You can see the rationale behind the trust's extraordinary announcement. One can't, however, commend their tactics. In a small town like St Ives, publicly announcing HIV cases and, moreover, effectively blaming one man for spreading it seems utterly reckless. The way they announced it inevitably makes it sound like nearly a dozen cases; in reality, it may be no more than three. Even if the trust weren't prepared to identify him publicly, it seems extremely likely that St Ives itself will by now have worked it out. The lives of those with HIV are not easy, and they shouldn't be made more difficult still by a healthcare trust dropping heavy hints in this way.

There must, surely, be a more tactful way of uncovering undiagnosed cases of HIV in a community. Advice from a STD clinic, or the local GP, would seem a better way than holding a press conference and alarming everyone. In any case, if you suspected that you might have HIV, would you not think twice about being tested by a trust which so cheerfully dropped hints about your medical status?

It is hard not to think of this as part of a general tendency to reintroduce the notion of culpability into the HIV debate. The implication of the St Ives conference was rather that there was one man at fault, and people ought to watch out for the others. If there was any reiteration of the sensible healthcare message that HIV is extremely difficult to contract through sex if condoms are involved, it didn't go reported.

Similarly, the criminalisation of HIV transmission, largely invoked, it seems, against immigrants both legal and illegal in an attempt to discourage "health tourism", shifts the emphasis away from responsibility and towards culpability. Anyone who gets on a motorbike without putting a helmet on is acting recklessly. Someone who has condomless sex without knowing the HIV status of their partner is, on the other hand, encouraged to think in terms of culpability. It is not at all helpful.

A trust clearly has a duty towards people at risk of HIV infection, but I wonder whether this duty is best served by alerting people to a specific risk. The risk, in reality, is universal, as present in Truro or anywhere as in St Ives. There is, too, the point that in drawing attention to such cases in so small a community, the trust has come very near to breaking another duty, that of confidentiality. That is just as important.

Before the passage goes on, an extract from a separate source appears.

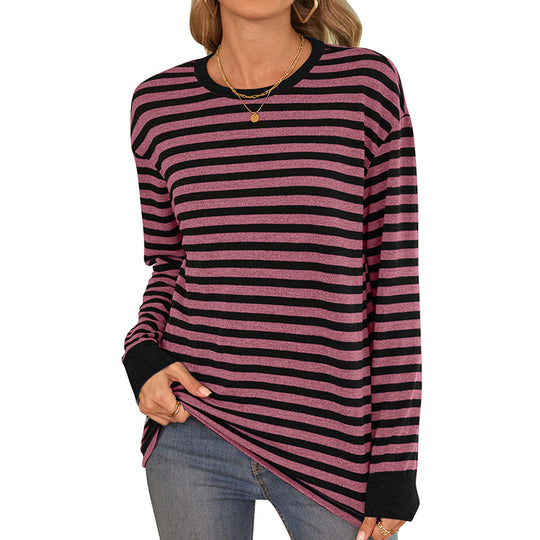 Damen bequemes Langarmshirt mit gestreiftem Design und Rundhalsausschnitt EB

So much for European values

Alarm has been raised by the appointment of an extremist pig-farmer, Andrzej Lepper, left, as Deputy Prime Minister of Poland. Among his exotic opinions are that "the most dangerous nation for the Poles is the Jewish nation"; on his CV are several arrests for violence during anti-EU protests.

Nothing unusual in Poland these days. "Pro-family" groups have been organising protests, sometimes of stone-throwing violence, against gay rights demonstrations. Kazimierz Marcinkiewicz, the Prime Minister, is reported as saying, "If a person tries to infect another with homosexuality, the state must intervene in this violation of freedom."

Membership of the EU entails signing up to certain human rights commitments involving equality. If national governments won't intervene to protect minorities, we are entitled to ask what the EU is doing to enforce these necessary freedoms.

* The amusing aspect of the story about Charlie Stopford, the American who for years passed himself off as the Earl of Buckingham, is that he apparently sought to make himself less conspicuous in this Day-of-the-Jackal-type scam by assuming an earldom.

Mysteriously, it worked for years: nobody who met him, even his wife, thought to pick up a copy of the Peerage and find out that there was no such person. But how extraordinary that, even in America, there are people who still think an earldom makes any difference at all.

The temptation to pass himself off as a descendant of James I's boyfriend seemed to outweigh the massive increase in risk. Even though no sane person gives such matters any credence any more, it seems tragically likely that, for centuries to come, there will still be people insisting on their titles, real or invented; there will still be people prepared to bow to something which always resided only in the imagination.